Here's my chance to find out.




Fun, lots of boiling water and funny noises are produced, but as far as the resulting bloom is concerned, I'm not sure that the quenching does anything to tidy up the mass.

Rather ugly, this one.





I've seen lots of pictures of bloom steel and while this wouldn't be the ideally shaped result, it does display a commonly seen dished profile.



In this picture, the air blast would've been coming from the left. Please excuse the green strings of algae growing in my quench water, haha.



This entire process, from preheating the furnace to pulling the bloom from the fire used less than half of a 5 gallon bucket of hardwood charcoal, not a bad way to spend an afternoon.

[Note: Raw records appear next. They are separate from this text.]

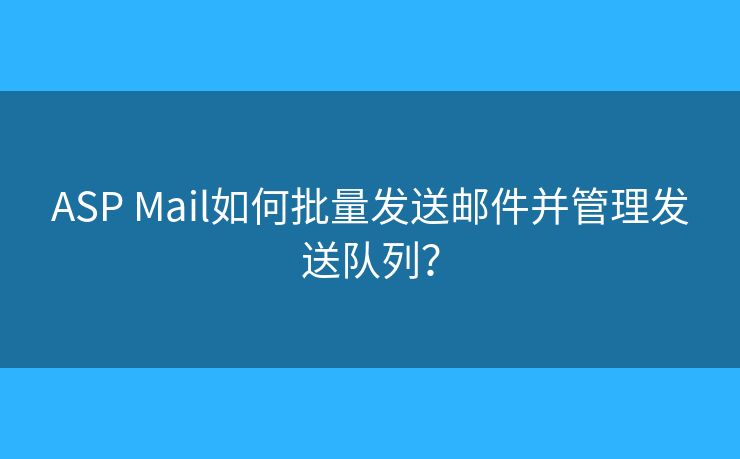 ASP Mail如何批量发送邮件并管理发送队列? ASP Mail如何批量发送邮件并管理发送队列?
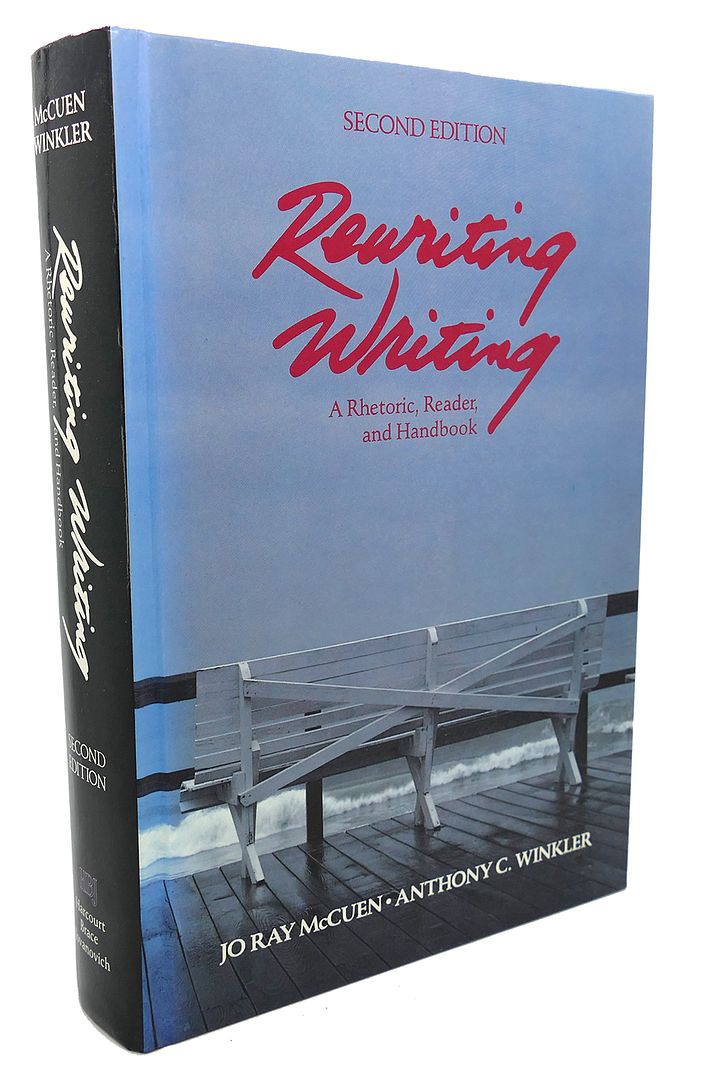 JO RAY MCCUEN, ANTHONY C. WINKLER - Rewriting Writing : A Rhetoric, Reader, and Handbook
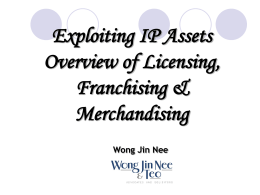 Overview of Licensing, Franchising and Merchandising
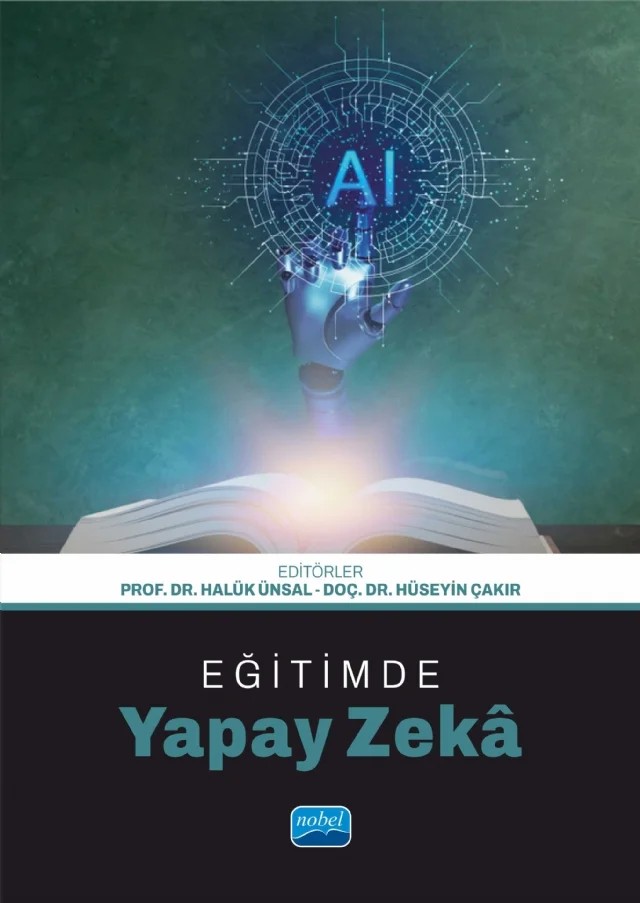 Eğitimde Yapay Zekâ – Ali Ateş, Bersu Ansen, Beyza Seren, Burçak Yılmaz Yakışık, Elvan Yıldız, Ersin Eren Akgöz, Esra Eren, Esra Oyar, Fatih Şahin, Halük Ünsal, Hatice Kübra Çiçek, Hüseyin Çakır, Muhammet Curabay, Mutlu Şen Akbulut, Rümeyda İspir, Selman Şişman, Semih Kaynak, Tarana Aliyeva – Nobel Akademik Yayıncılık kitap kapağı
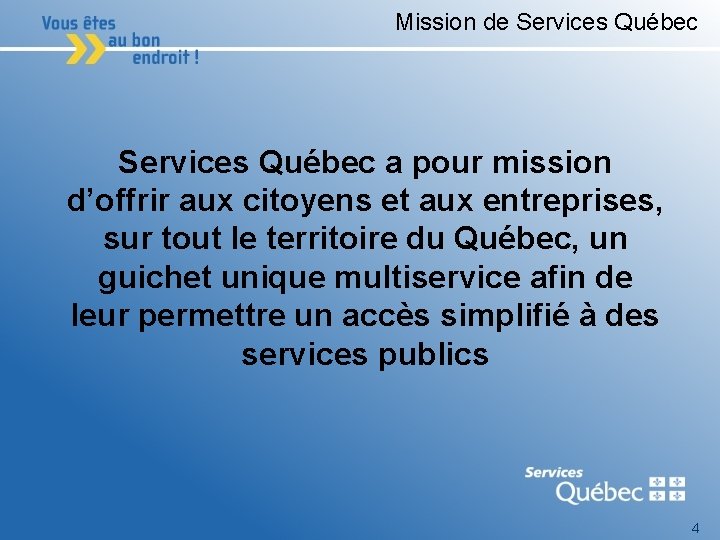 Mission de Services Québec a pour mission d’offrir aux citoyens et aux entreprises, sur
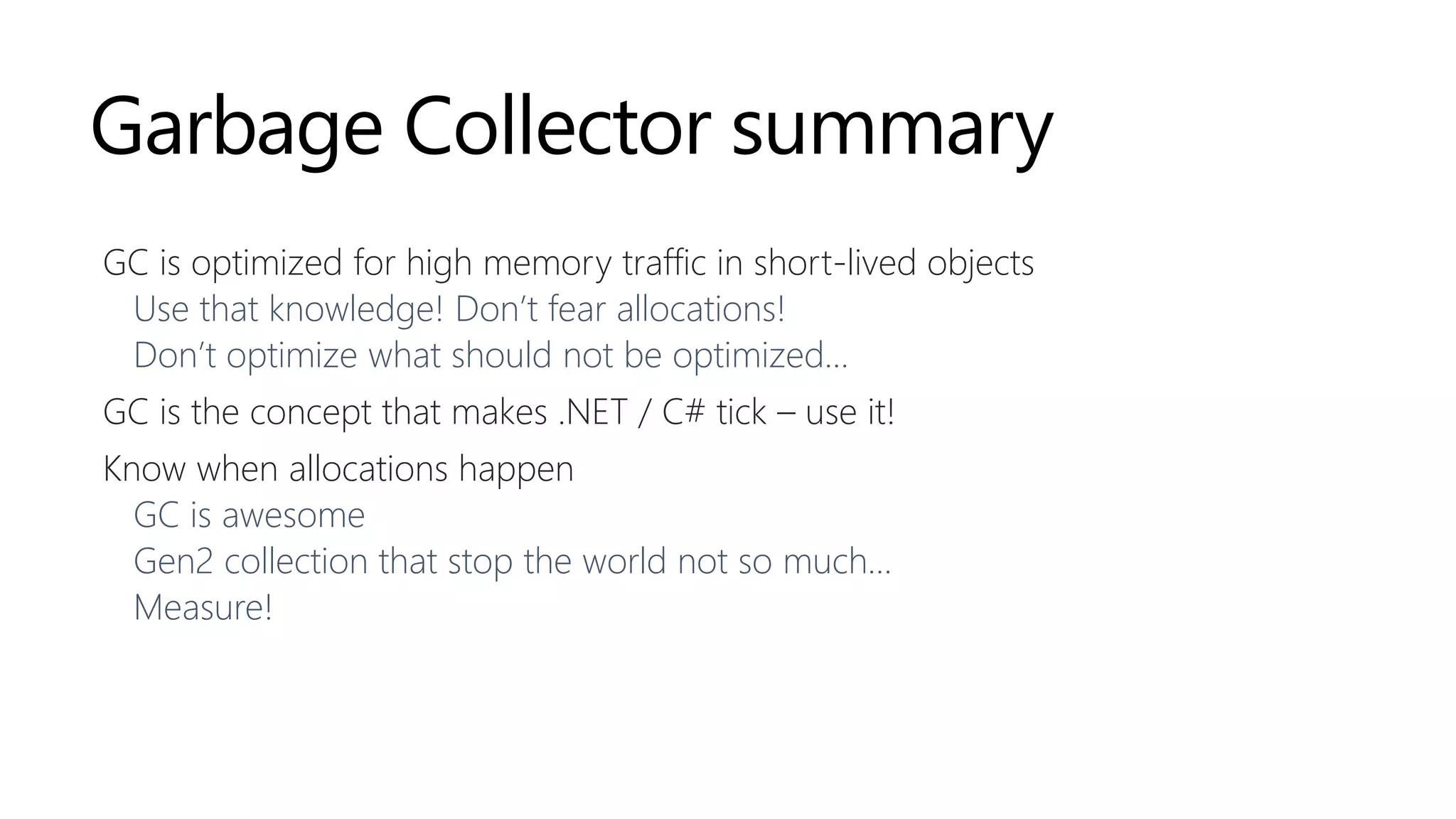 Garbage Collector summary
GC is optimized for high memory traffic in short-lived objects
Use that knowledge! Don’t fear allocations!
Don’t optimize what should not be optimized…
GC is the concept that makes .NET / C# tick – use it!
Know when allocations happen
GC is awesome
Gen2 collection that stop the world not so much…
Measure!
 
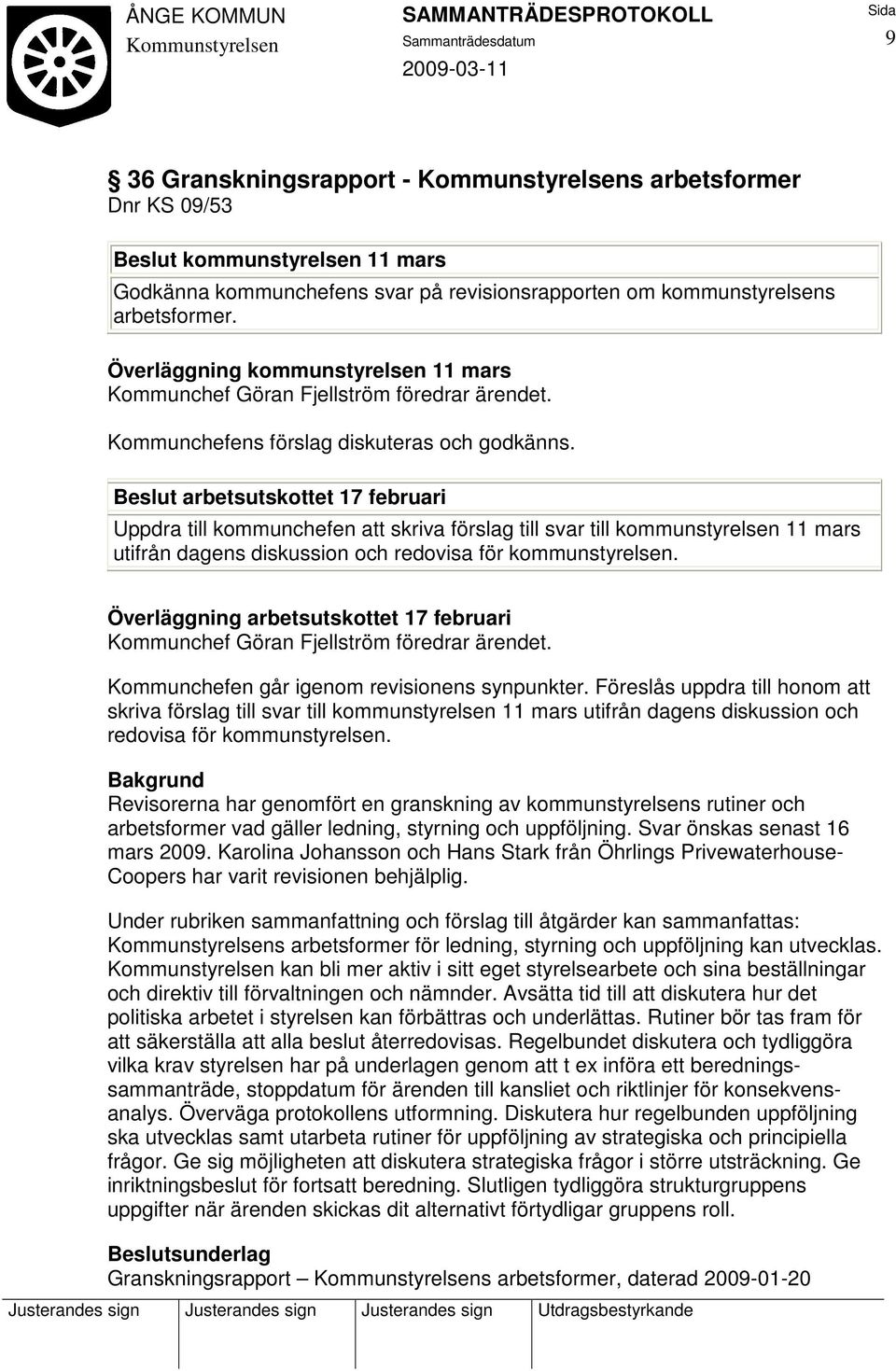 Beslut arbetsutskottet 17 februari Uppdra till kommunchefen att skriva förslag till svar till kommunstyrelsen 11 mars utifrån dagens diskussion och redovisa för kommunstyrelsen.
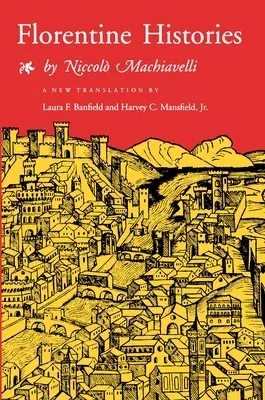 Florentine Histories: Newly Translated Edition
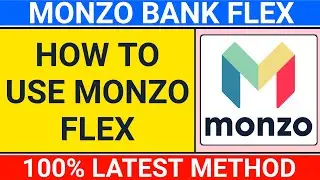 how to use monzo flex | how does monzo flex work
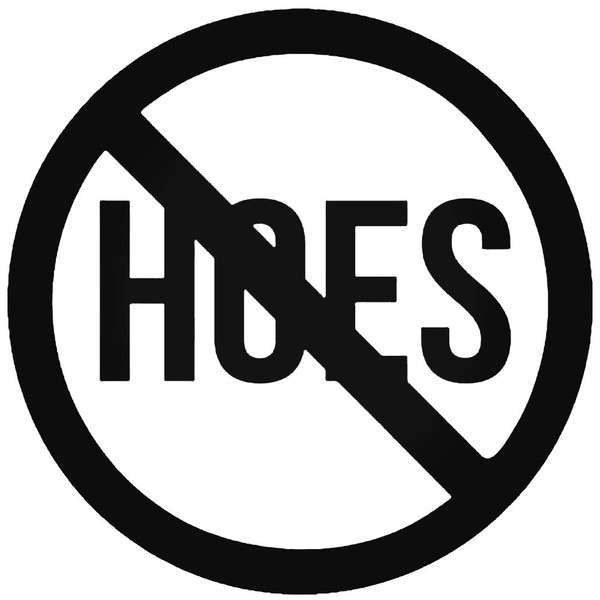 No Hoes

Even if you buy your charcoal in the store, that's still only a few bucks cost, a good deal even for a tightwad like myself.








The nice thing about performing an immediate water quench is that it makes the bloom available for spark testing right away. I sparked this little 1 lb. bloom but, try though I might, I couldn't get any decent pics as the sun was just too bright. Ahh…. the trials of living out in the open, haha. I'm grossly out of practice at interpreting carbon values by spark, but it looked to be a gradient of med/high carbon ( shortish yellow spark with strong bursts) ranging up to cast iron (very short red spark, sparse). A few bits tested low carbon, but the highest proportion looked to be cast iron.

This bloom would most likely be forgeable, given a high enough heat and a bit of patience. Fold and weld, fold and weld, and soon you would get a more homogeneous steel…….and I didn't do that. The melting of iron was so much fun that I immediately started in on a second melt, just to see if I could create a bloom with a more solid core. And larger, in anticipation of losing much of the total during the welding and blending phase.

One thing is certain though…..I need to be keeping better notes. Small changes in procedure seem to have large ramifications on the resulting steel. Go figure.